State on the west coast of India, lying 400 km/250 mi south of Mumbai (formerly Bombay); area 3,702 sq km/1,429 sq mi; population (2001 est) 1,344,000. The capital is Panaji. Tourism is very important to the economy; local industries include clothing, footwear, pesticides, manganese, and fishing nets. Agriculture is based on the cultivation of rice, pulses, cashew nuts, coconuts, and ragi (a cereal). Iron ore is mined in the state, and exported from the port of Marmagoa, while the tropical climate and picturesque Indian Ocean beaches contributed to the rise of Goa as a major tourist resort in the late 20th century.

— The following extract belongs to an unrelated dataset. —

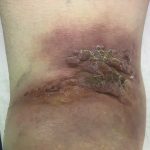 An 87-Year-Old Woman with a Worsening Skin Lesion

Goa was captured by the Portuguese in 1510; the inland area was added in the 18th century. Goa was incorporated into India as a Union Territory with Daman and Diu in 1961 and became a state in 1987. The long European period left many legacies, including a large (40%) Christian minority.

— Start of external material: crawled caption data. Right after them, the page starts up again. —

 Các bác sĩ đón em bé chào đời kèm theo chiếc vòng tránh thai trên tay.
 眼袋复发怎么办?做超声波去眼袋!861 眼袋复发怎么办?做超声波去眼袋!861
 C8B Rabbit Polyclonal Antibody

Physical Goa is bounded on the east by the Western Ghats, which reach nearly 1,300 m/4,260 ft; the rich lowland soils have a high mineral content. The Mandovi and Zuari rivers share an estuary at Panaji, which has mangrove forests providing habitats for marine birdlife.
Features Notable features are Goa's Portuguese colonial architecture; the baroque church of Bom Jesus (built 1594–1603), with the tomb and shrine of St Francis Xavier, is a World Heritage Site. The Salim Ali bird sanctuary on Chorao Island opposite Panaji.